Dilek, 33, said she was axed after Nicolai admitted to his 46-year-old wife that she “might become jealous’’ of his bubbly staffer because she was “too cute.’’

Last year, Manhattan Judge Shlomo Hagler had ruled against Dilek, saying her cuteness quotient couldn’t be cited as the basis for a discrimination claim.

But the appeals panel disagreed.

Dilek “was fired for no reason other than Adams’ belief that Nicolai was sexually attracted to her,” lead Judge David Friedman wrote. He was joined by Judges Karla Moskowitz, Judith Gische and Marcy Kahn.

”This states a cause of action for gender discrimination under New York State Human Rights Law,” Friedman said.

A circuit court in Iowa had ruled the opposite of the New York appeals panel in 2013.

The all-male Iowa panel OK’d a male dentist’s ouster of his female hygienist because he viewed her “as an irresistible attraction.”

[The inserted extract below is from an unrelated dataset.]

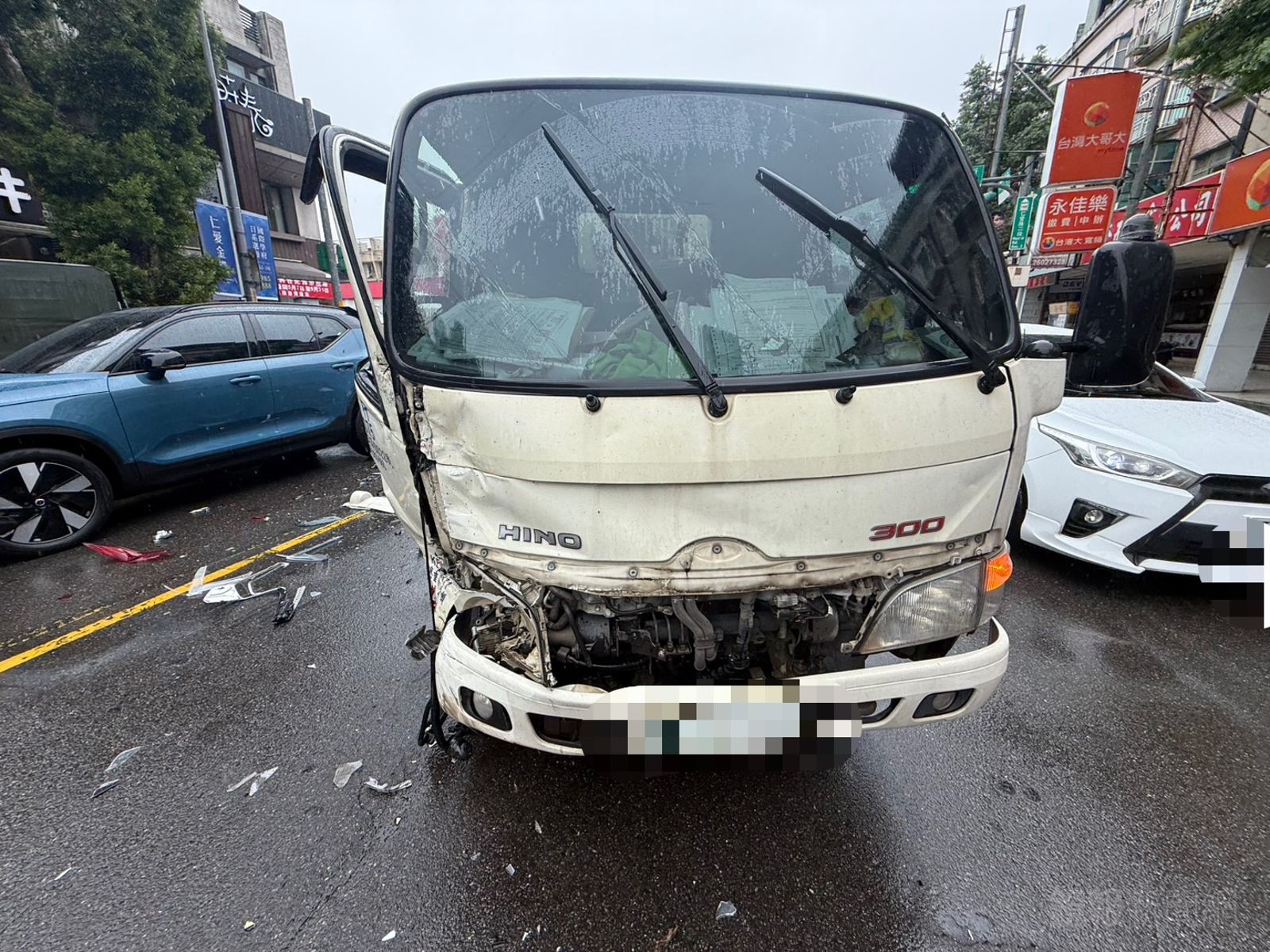 小貨車右前車頭凹陷。警方提供
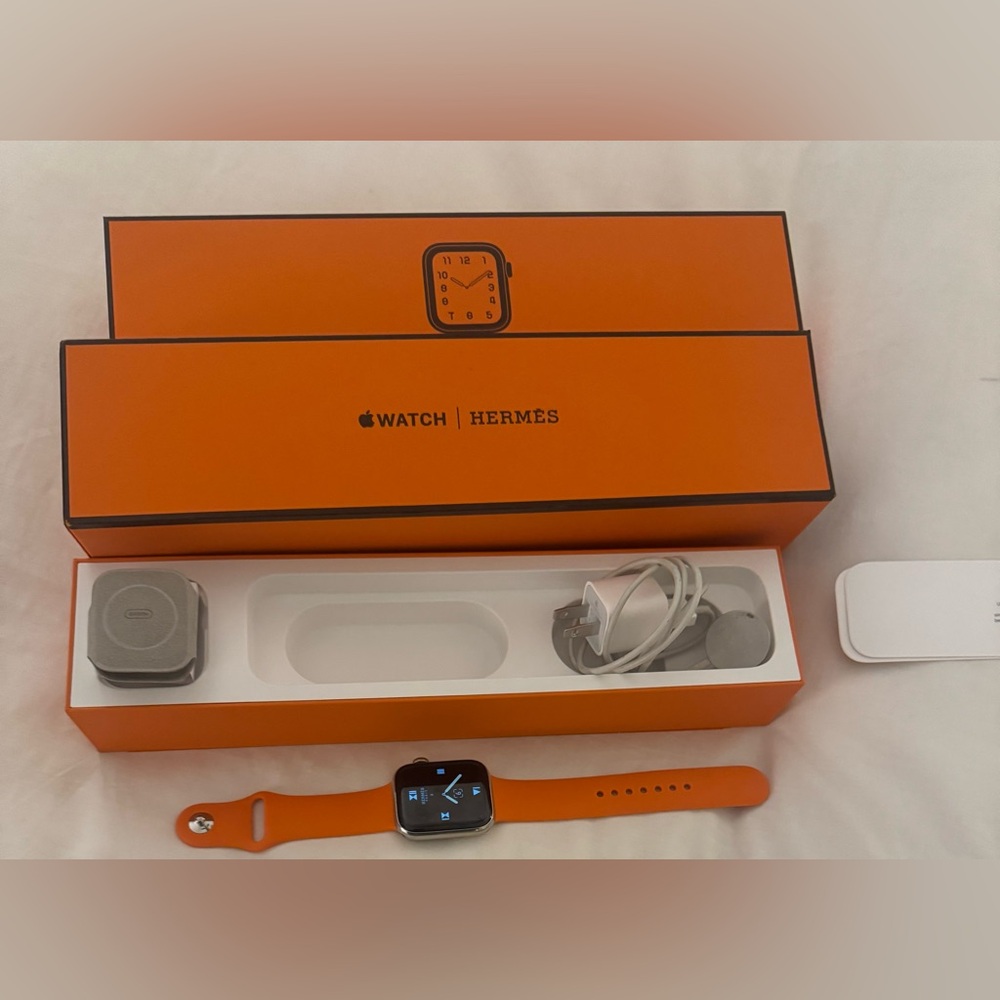 Hermes Apple Watch 5 series 44mm (watch band is not Hermes)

Dilek’s lawyer, Maimon Kirschenbaum, said other courts have rejected the “too cute” discrimination claim, too.

“We had looked extensively to find a case for what should be obvious — that firing a woman because you might be attracted to her is discrimination,” Kirschenbaum said.

“But as it turns out, there is no such case until now,” he said.

The chiropractor, his wife and their lawyer did not immediately return calls for comment.

Paige Fiedler, the lawyer who represented Iowa dental hygienist Melissa Nelson, applauded the Manhattan judges.

“That’s wonderful,” she said.

“I always thought that having a female justice on the Iowa Supreme Court would have helped the judges understand what it’s like to be a woman in the work place,” Fiedler said.